« Mêler les mélodies » par Le Monde

Guitariste de bal et trompette de casinos, prince du « Café de la Plage » à Biarritz en 1955, Antillais, cultivé (bachelier en 1926, c’est un signe qui ne trompe pas), petit fonctionnaire « ayant mal tourné » - selon ses propres mots – dans la musique, père d’Eddy Louiss, qui chantait avec lui à l’âge de huit ans au dancing d’Arcachon, Pierre Louiss fut, de son vivant, aimé des publics et de ses compatriotes plus qu’un autre. Il fut aimablement méprisé par les producteurs et les bien-pensants, vaguement moqué, passé à l’as, aux profits et pertes des colonies. « Aimablement méprisé » ne convient pas. On le trouvait ringard.

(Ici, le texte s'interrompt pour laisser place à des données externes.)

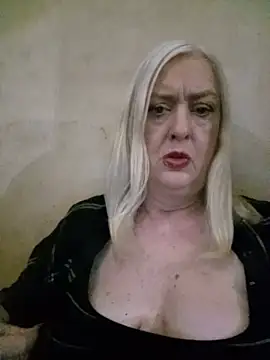 Julia20X online show from May 25, 2026, 11:09 am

Le mot n’existait pas encore. On ne savait pas l’entendre. C’est que Colomb n’avait pas encore découvert les « musiques du monde ». Pierre Louiss écrit des chansons délicieuses. Il est très fin harmonisateur. Sa voix enrouée à un charme de dentelle. Ce disque est gorgé de générosité, de swing, d’amour des gens et de la musique. Son auteur fut un des premiers à entendre les maîtres du jazz et à les faire aimer avec son accent à lui. Il sait mêler les mélodies, les petits récitatifs, les choses de rien. C’est un poète et un chroniqueur. Emilien Antile est au saxophone alto, Lucien Popote au ténor, Gaby Malahel à la batterie et Eddy à l’orgue, au piano ou au vibraphone.